- [YOUR GOAL]: Could you give the data that follows again exactly, without its pictures?

- [DATA]:
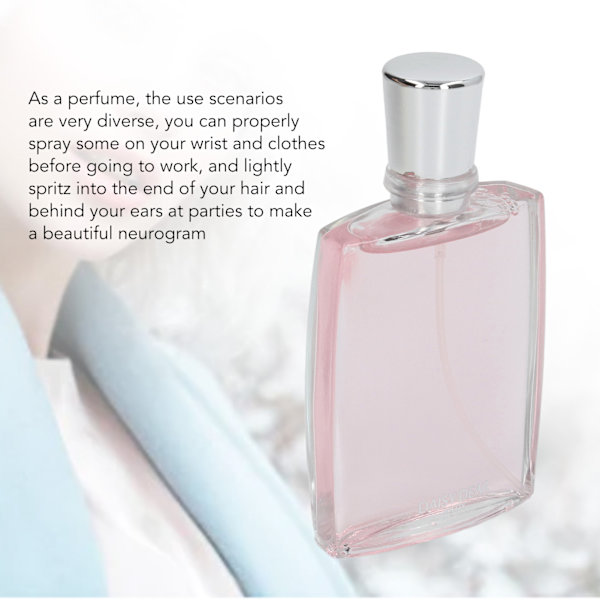 50 ml dameparfyme varig lys aroma Utsøkt estetisk utseende kvinner Elegant duft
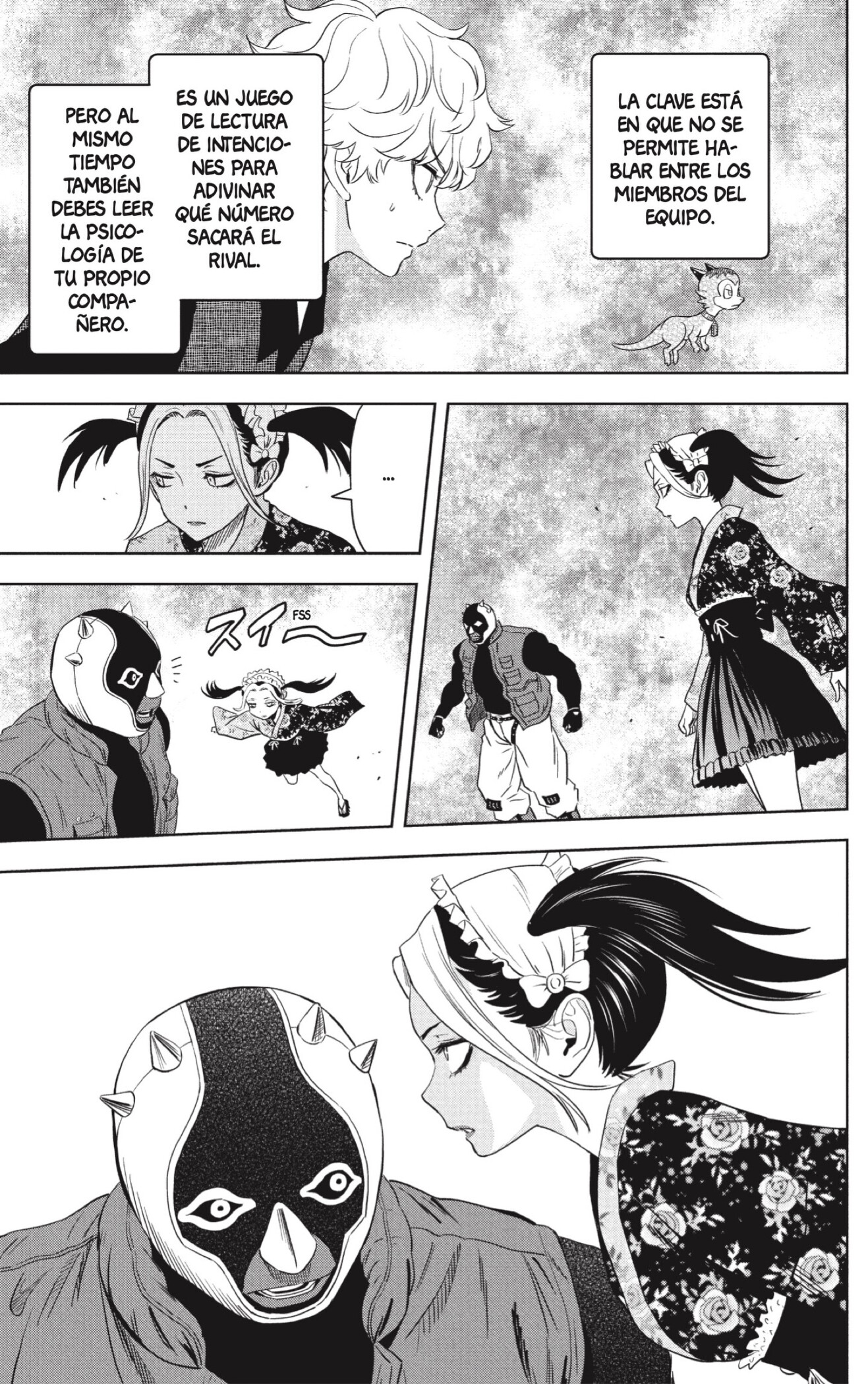 Witch Watch Capitulo 249 página 7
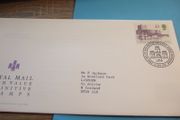 Uk First Day Cover Stamps.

- [SOLUTION FOR THIS EXERCISE]:
 50 ml dameparfyme varig lys aroma Utsøkt estetisk utseende kvinner Elegant duft
 Witch Watch Capitulo 249 página 7
 Uk First Day Cover Stamps.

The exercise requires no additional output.